* _Exercise goal_:
Print exactly the first lines of the records. Stop after the line containing "SkinLift™ - Botox", and leave every picture out.

[Collected data]
· · ·

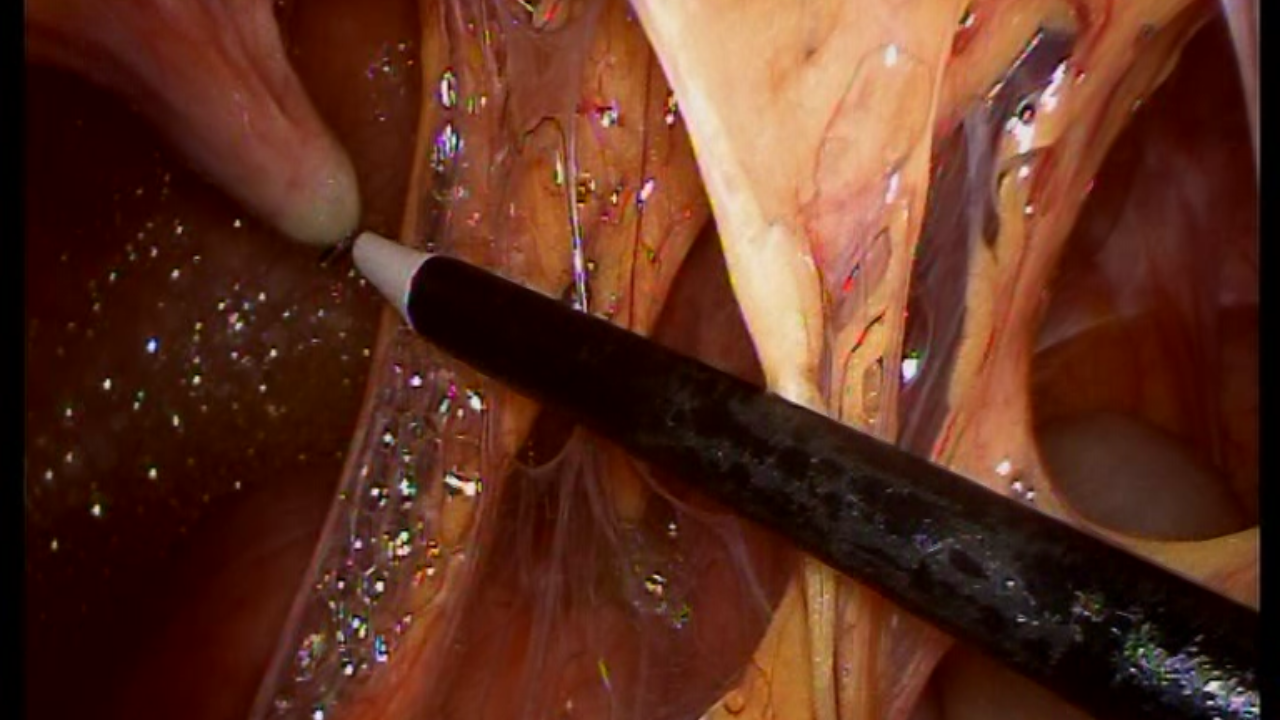 腹腔镜手术下腹壁trocar穿刺的窘境和小技巧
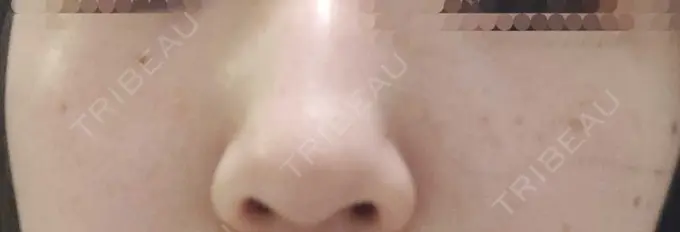 ピーリング（ハリ・ツヤ） / ルメッカ ルラ美容クリニック 仙台院 / ルラスキンクリニック 仙台院 DAY 5 メイン用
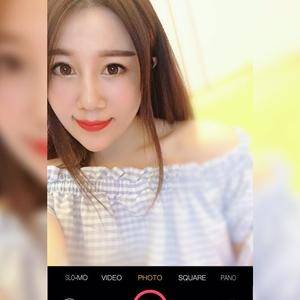 不开刀去掉眼袋真的很满意,谢谢超声波去眼袋788 不开刀去掉眼袋真的很满意,谢谢超声波去眼袋788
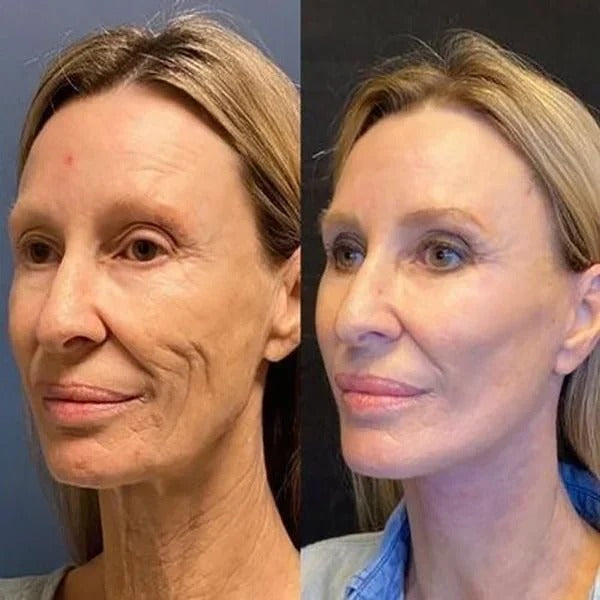 SkinLift™ - Botox Ansiktsserum Suddar Ut Linjer och Rynkor På Kort Tid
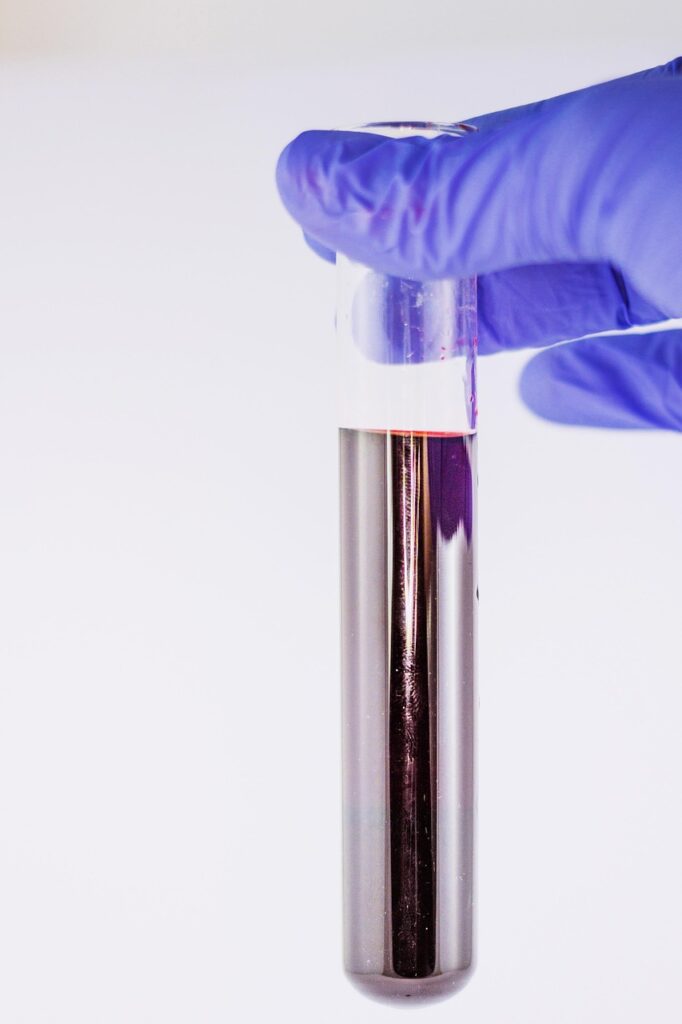 medical, trials, test tube, diagnostics, lab, glove, rubber, hospital, test, diagnosis, diagnostician, download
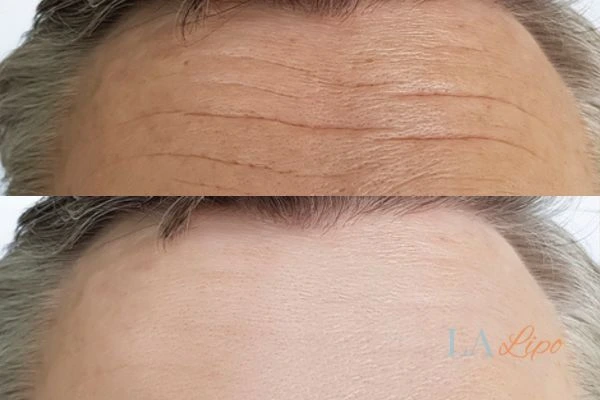 results of HIFU Kensington and Chelsea on mans forehead to help reduce lines and wrinkles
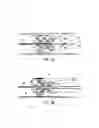 Fig. 03 - Integrated embolic protection devices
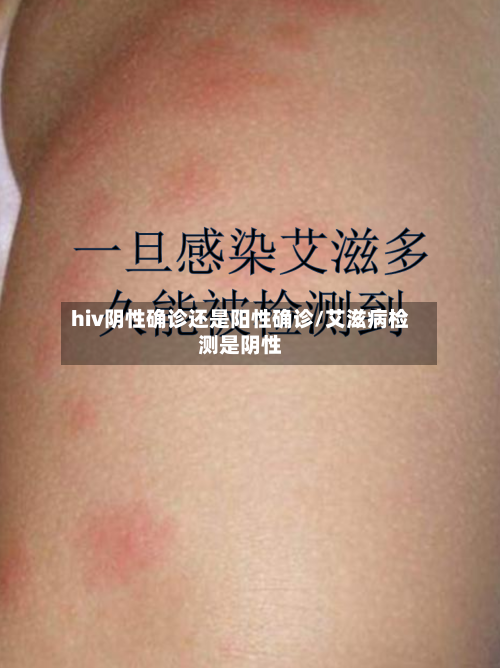 hiv阴性确诊还是阳性确诊/艾滋病检测是阴性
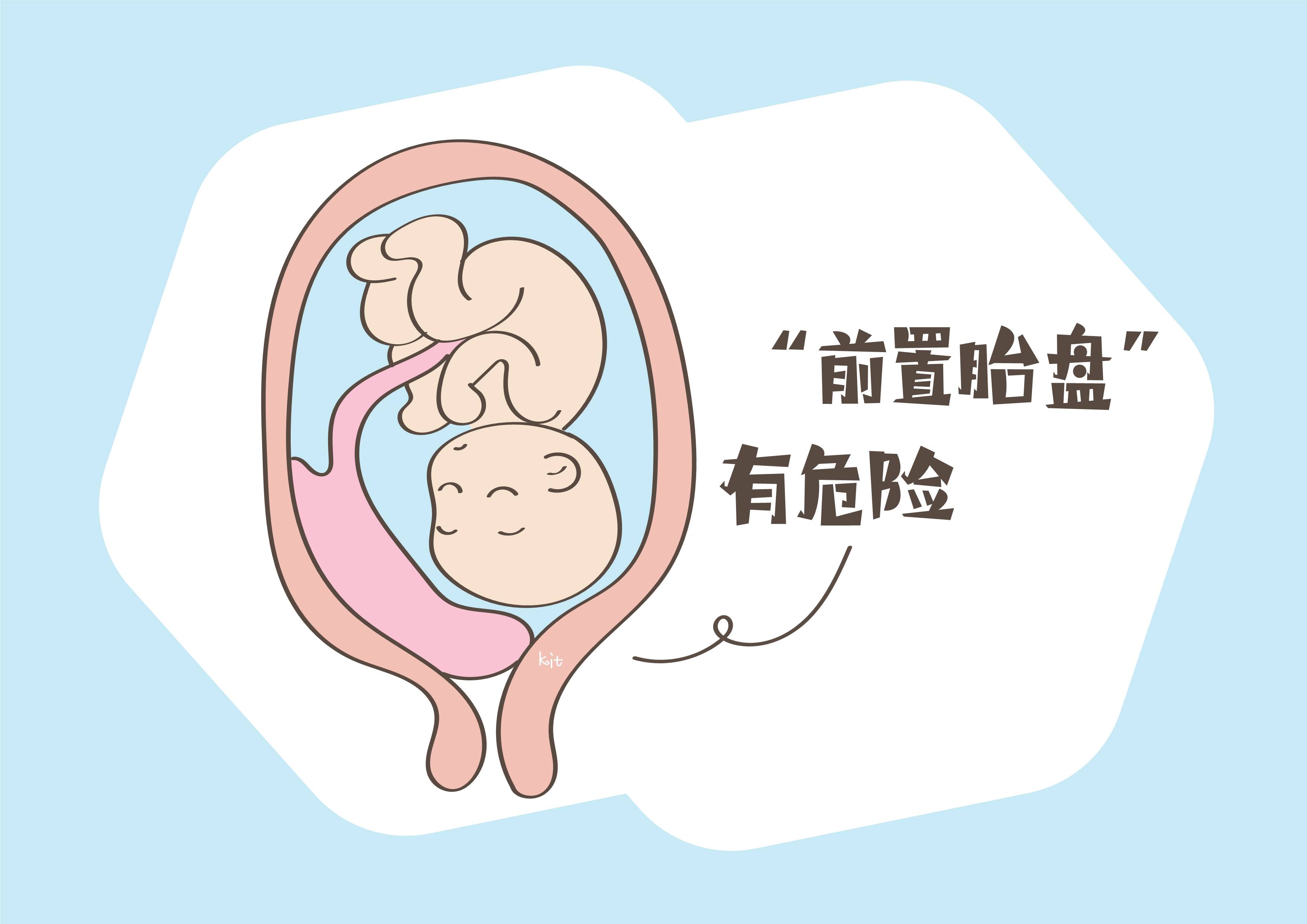 原创检出前置胎盘危险孕妈要警惕3种行为可有效预防问题发生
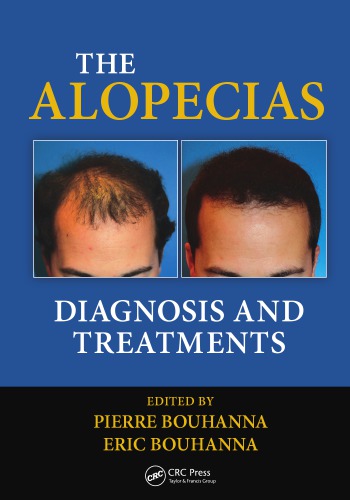Alopecias : diagnosis and treatments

· · ·

* _Response area_:
 腹腔镜手术下腹壁trocar穿刺的窘境和小技巧
 ピーリング（ハリ・ツヤ） / ルメッカ ルラ美容クリニック 仙台院 / ルラスキンクリニック 仙台院 DAY 5 メイン用
 不开刀去掉眼袋真的很满意,谢谢超声波去眼袋788 不开刀去掉眼袋真的很满意,谢谢超声波去眼袋788
 SkinLift™ - Botox Ansiktsserum Suddar Ut Linjer och Rynkor På Kort Tid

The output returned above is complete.